娚の一生
- Genre: Slice of life, romance
- Written by: Keiko Nishi
- Published by: Shogakukan
- Magazine: Flowers
- Original run: March 10, 2009 (Volume 1) – September 24, 2012 (Volume 4)
- Volumes: 4
- Directed by: Ryūichi Hiroki
- Written by: Hiroshi Saitō
- Music by: Kōji Endō
- Released: October 2014 (Tokyo Film Festival) February 14, 2015

= Otoko no Isshō =

Manga series by Keiko Nishi

Otoko no Isshō (娚の一生) is a slice of life romance josei manga series written and illustrated by Keiko Nishi. It was published by Shogakukan on Flowers magazine and in four volumes compiling the chapters.

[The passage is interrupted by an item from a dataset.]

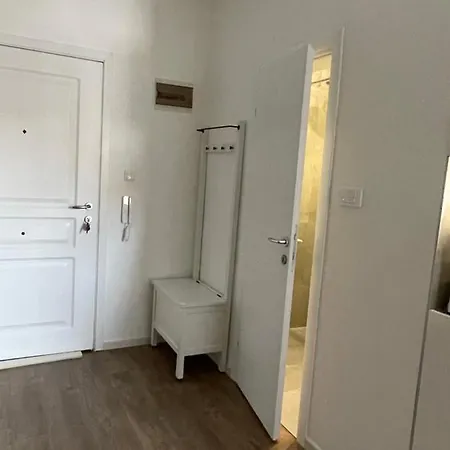 Διαμέρισμα Slavija Square *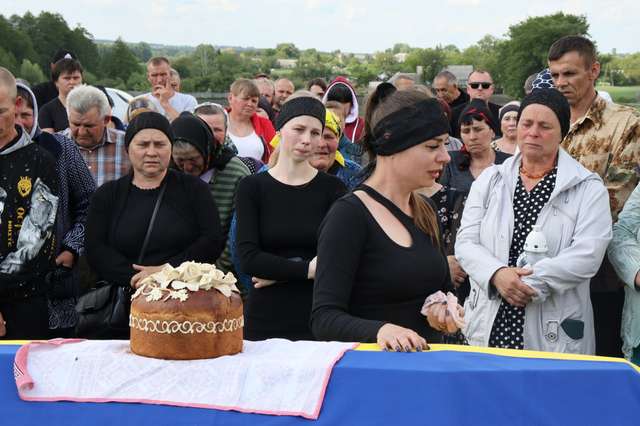 Решетилівка у жалобі. Захисник України Юрій Курин — на щиті_7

A live action romantic drama film adaptation was released on February 14, 2015. It's directed by Ryūichi Hiroki and written by Hiroshi Saitō. It stars Nana Eikura and Etsushi Toyokawa.

==Cast==
- Nana Eikura as Tsugumi Dozono
- Etsushi Toyokawa as Jun Kaieda
- Osamu Mukai as Toshio Nakagawa
- Sakura Andō as Saki Akimoto
- Tomoya Maeno as Satoshi Sonoda
- Motoki Ochiai as Takahiro Tomono
- Toshie Negishi as Kyoko
- Mari Hamada as Sayoko
- Yū Tokui as Tamio
- Hana Kino as Kayo Sakata
- Minami as a female receptionist
- Mayuko Iwasa as Harumi Tomioka
- Kentarō Sakaguchi as Nobuo

==Volumes==
- 1 (March 10, 2009)
- 2 (October 10, 2009)
- 3 (March 10, 2010)
- 4 (September 24, 2012)

==Music==
The soundtrack of the film is by Kōji Endō and the theme song is "Hold me, Hold you." by JUJU.

==Reception==
Volume 3 of the manga reached the 17th place on the weekly Oricon manga chart and, as of March 14, 2010, has sold 37,260 copies; volume 4 reached the 3rd place and, as of October 7, 2012, has sold 166,735 copies.

The manga was nominated for the third Manga Taishō in 2010, ranking 5th out of the 10 nominees with 48 points.

In a review of the film, Maggie Lee of Variety said that "foot fetishists will rejoice, but this is an otherwise wholesome, mellow May–September romance."